+++ PROVIDED DATA +++
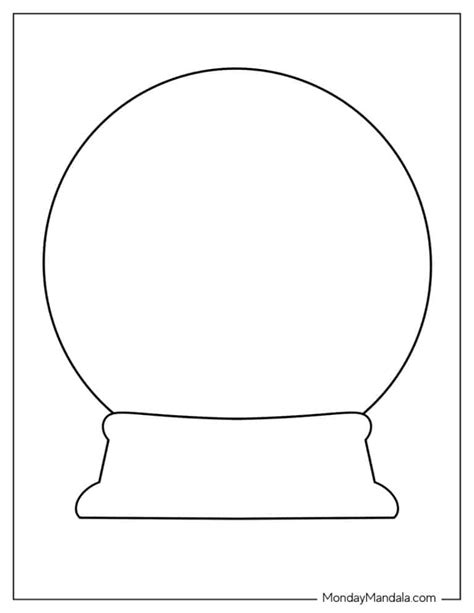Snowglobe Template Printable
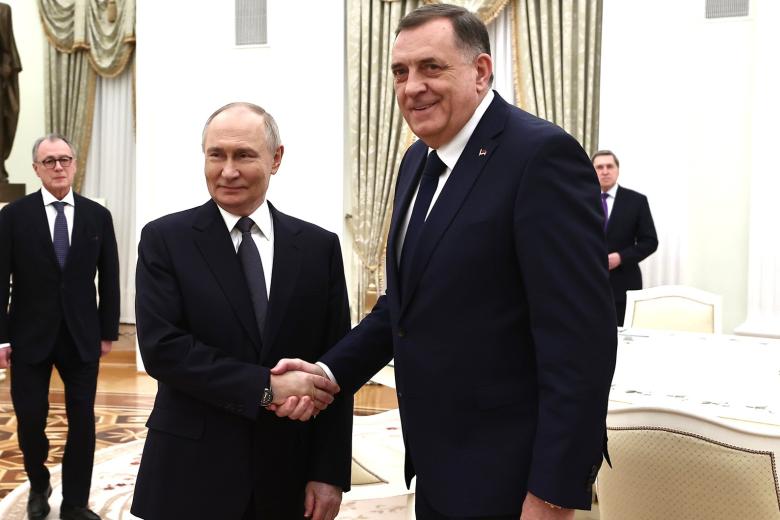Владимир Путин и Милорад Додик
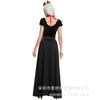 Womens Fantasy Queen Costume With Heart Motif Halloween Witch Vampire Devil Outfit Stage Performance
+++
• **WORK ITEM**
Give an exact copy of the listing, without its pictures.

• **TASK ANSWER**
Snowglobe Template Printable
Владимир Путин и Милорад Додик
 Womens Fantasy Queen Costume With Heart Motif Halloween Witch Vampire Devil Outfit Stage Performance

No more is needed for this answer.